The original AI would spend resources on safeguarding itself against value drift, and destroy AIs with competing goals while they’re young. After all, that strategy leads to more paperclips in the long run.
It’s kind of interesting that humans generally don’t guard themselves against value drift. Even though any sufficiently intelligent agent clearly would. One of those fundamental divides higher up on the intelligence scale than us, divides that seem binary rather than linear in nature. I wonder if there are any more of those. Apart from (a lack of) susceptibility to the usual biases.
I don’t think that ‘any’ sufficiently intelligent agent ‘clearly’ would.
It requires at least a solution to the cartesianism problem which is currently unsolved and not every self-optimizing process neccessarily solves this.
It’s just point 3 from Omohundro’s The Basic AI drives paper. Didn’t think that’s controversial around here. I don’t think the Cartesian problem is meant to apply to all power levels (since even plain old humans don’t drop anvils on their heads, too often), so the ‘sufficiently’ ought to cover that objection.
If that is both abstractly possible and compatible with adaptation. If survival requires constant adaptation, which seems likely, value stability—at least the stability of a precise and concrete set of values—may not be compatible with survival.
Maybe. But in that case the drift implies a selection mechanism—and in the absence of some goal in that direction natural selection applies. Those AI that don’t stabilize mutate or stop.
Actually not quite. Until they drift into the core value of existence. Then natural selection will maintain that value, as the AIs that are best at existing will be the ones that exist.
Of course the ones that are best at existing will continue to exist, but I think it is misleading to picture them as a occupying a precise corner of valuespace. Suicidal values are more precise and concrete.
I don’t think that an AI would automatically “spend resources on safeguarding itself against value drift”—except if it has been explicitly coded that way (or its instances mutate toward that by natural selection, but I don’t see that).

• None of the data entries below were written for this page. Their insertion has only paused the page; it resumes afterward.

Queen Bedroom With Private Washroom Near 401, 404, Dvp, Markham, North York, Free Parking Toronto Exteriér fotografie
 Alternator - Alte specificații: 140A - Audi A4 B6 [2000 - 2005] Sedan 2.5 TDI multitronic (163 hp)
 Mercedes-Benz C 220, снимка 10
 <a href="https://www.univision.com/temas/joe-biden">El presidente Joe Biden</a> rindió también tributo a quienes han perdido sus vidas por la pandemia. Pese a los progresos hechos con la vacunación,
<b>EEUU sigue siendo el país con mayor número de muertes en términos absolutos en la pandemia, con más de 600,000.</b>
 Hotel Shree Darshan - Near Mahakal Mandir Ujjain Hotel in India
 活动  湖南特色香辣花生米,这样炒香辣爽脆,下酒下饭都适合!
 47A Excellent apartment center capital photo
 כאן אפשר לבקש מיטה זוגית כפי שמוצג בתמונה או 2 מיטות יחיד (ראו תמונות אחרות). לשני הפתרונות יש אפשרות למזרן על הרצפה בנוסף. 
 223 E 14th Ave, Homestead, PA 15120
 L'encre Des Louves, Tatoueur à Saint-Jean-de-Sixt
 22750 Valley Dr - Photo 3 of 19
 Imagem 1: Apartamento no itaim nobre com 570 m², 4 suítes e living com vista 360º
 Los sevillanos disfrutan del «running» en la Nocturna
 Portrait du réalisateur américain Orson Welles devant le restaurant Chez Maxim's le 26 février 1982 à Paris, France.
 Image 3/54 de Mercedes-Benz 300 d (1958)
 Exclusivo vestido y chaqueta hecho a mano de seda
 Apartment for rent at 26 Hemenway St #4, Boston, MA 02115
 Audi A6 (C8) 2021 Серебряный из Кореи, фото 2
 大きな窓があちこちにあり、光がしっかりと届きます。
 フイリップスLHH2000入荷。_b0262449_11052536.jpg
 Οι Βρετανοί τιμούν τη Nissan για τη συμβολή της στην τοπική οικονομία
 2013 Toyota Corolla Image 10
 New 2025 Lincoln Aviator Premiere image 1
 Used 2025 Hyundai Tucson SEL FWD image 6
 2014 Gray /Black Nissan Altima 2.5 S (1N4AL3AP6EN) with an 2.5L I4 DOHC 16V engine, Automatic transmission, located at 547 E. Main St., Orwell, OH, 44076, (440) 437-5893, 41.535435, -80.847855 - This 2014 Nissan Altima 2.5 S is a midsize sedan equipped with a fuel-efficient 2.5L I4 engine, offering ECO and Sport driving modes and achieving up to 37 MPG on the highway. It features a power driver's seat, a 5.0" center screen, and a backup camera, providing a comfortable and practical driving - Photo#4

So clippy probably wouldn’t and could likely loose its clipping ability or find itself mutated or discover that it fights instances of itself due to accidental (cartesianism-cause probably) partitioning of its ‘brain’. All processes that do submit to natural selection. And that could result in AI (or cosmic civilizations) failing to expand due to percolation theory.
The singleton-with-explicit-utility-function scenario certainly seems like a strong candidate for our future, but is it necessarily a given? Suppose an AI that is not Friendly (although possibly friendly with the lowercase ‘f’) with an unstable utility function- it alters its values based on experience, etc.
We know that this is possible to do in AGI, because it happens all the time in humans. The orthogonality thesis states that we can match any set of values to any intelligence. If we accept that at face value, it should be at least theoretically possible for any intelligence, even a superintelligence, to trade one set of values for another- provided it keeps to the set of values that permit self-edits of the utility function. The criterion by which the superintelligence alters its utility function might be inscrutably complex from a human perspective, but I can’t think of a reason why it would necessarily fall in to a permanent stable state.
The original AI would spend resources on safeguarding itself against value drift, and destroy AIs with competing goals while they’re young. After all, that strategy leads to more paperclips in the long run.
Suppose the AI had a number of values. One would be making paperclips now. Another might be insuring the high production of paper clips in the future. A third might be preserving “diversity” in the kinds of paper clips made and the things they are made from. Once values compete, it is not clear which variants one wishes to prune and which one wishes to encourage. Diversity itself presents a survival value, which will seem important to the part of the AI that wants to preserve paper clip making into the distant future.
What makes me think all this? Introspection. Everything I am saying about paper clip AI’s is pretty clearly true about humans.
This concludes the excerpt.